To start with, this "manual" splitting code...
char[] array = container.toCharArray();
int count = 0;
for (int i = 0; i < array.length; i++) {
if (array[i] == ' ') {
count++;
}
}
// count counts the number of times a space appears
System.out.println(count);
int[] array2 = new int[count];
int counter = 0;
for (int i = 0; i < array.length; i++) {
if (array[i] == ' ') {
array2[counter] = i;
counter++;
}
}
// array2 assigns the indexes of spaces to its members
System.out.println(counter);
String[] array3 = new String[array2.length - 1];
for (int i = 0; i < array3.length; i++) {
array3[i] = container.substring(array2[i], array2[i + 1]);
}
// array3 creates substrings based on these spaces
System.out.println(array3[1]);
System.out.println(array3[0]);
Should be replaced with...
String[] array3 = container.split(" ");
As I, frankly, have no idea what it's trying to achieve and it breaks if there is less than 4 "codes" on the input String and doesn't correctly parse the input anyway (throwing away values)
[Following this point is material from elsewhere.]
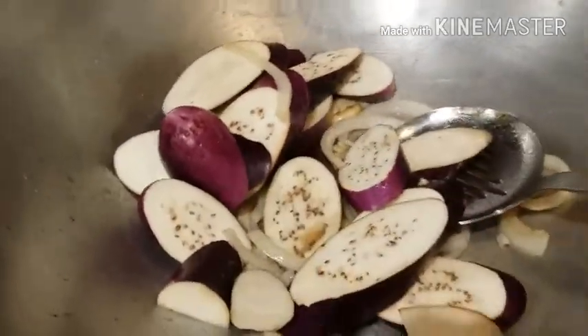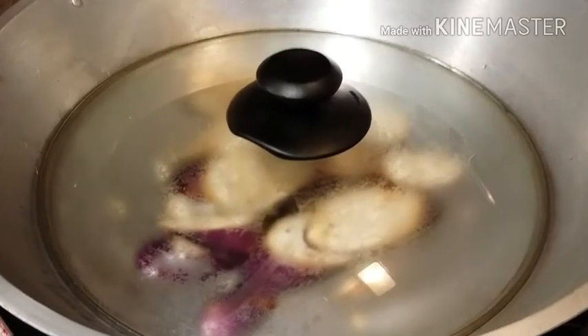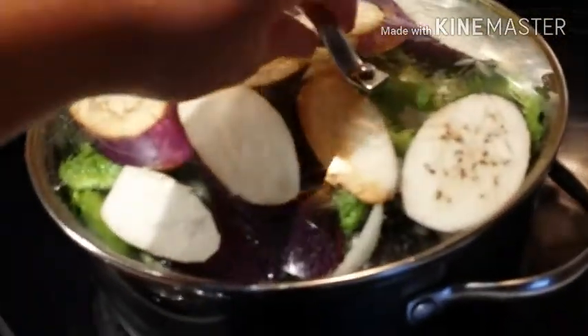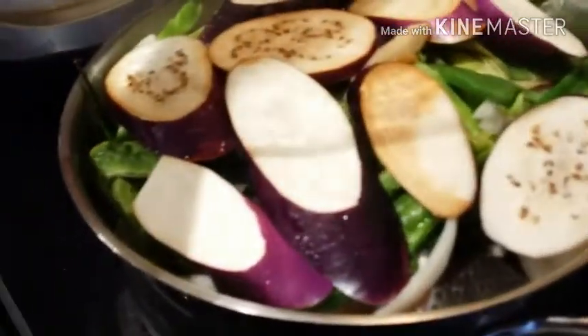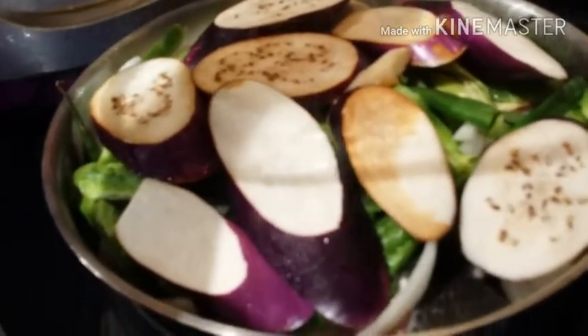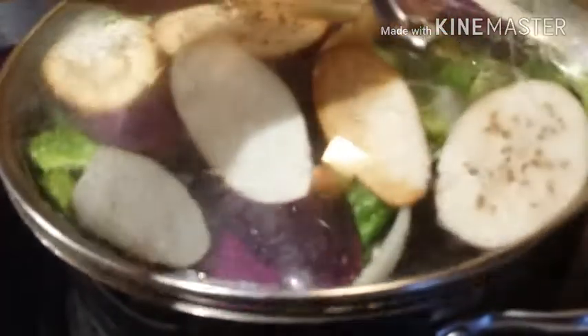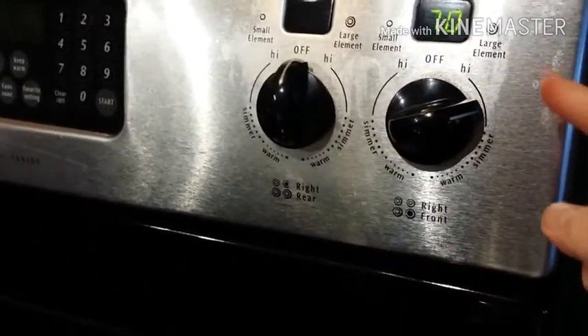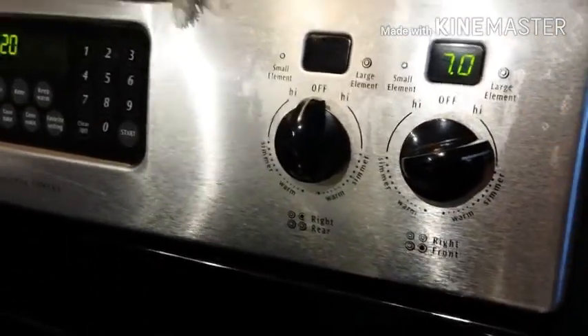We're going to cover the kangkong pan for about five to ten minutes and let the eggplant cook. Our paksiw na bangus has started to boil — we'll let it boil for about five more minutes and then lower the heat. A while ago it was on high; now I'm putting it in between high and simmer so it doesn't burn.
Your splitting code is leaving leading space characters which cause them to not correctly match. You should instead be using a version of String.split in order to produce your array3. This will create the correct substrings with a lot less work.
Edit:
Your splitting code also appears to leave off the first and last morse codes which is why you get ArrayIndexOutOfBoundsExceptions when you input less than 4.
From looking at the code you've got too many } curly braces. You only need one of those at the end of the switch statement.
case ("._"):
{System.out.println("a");
break;
case "_...":
{System.out.println("b");
break;
case "_._.":
{System.out.println("c");
break;
case "_..":
{System.out.println("d ");
break;
}
It should work. My assumption is of course that your problem is that your code doesn't compile. Which I'm pretty sure that the code you posted won't do.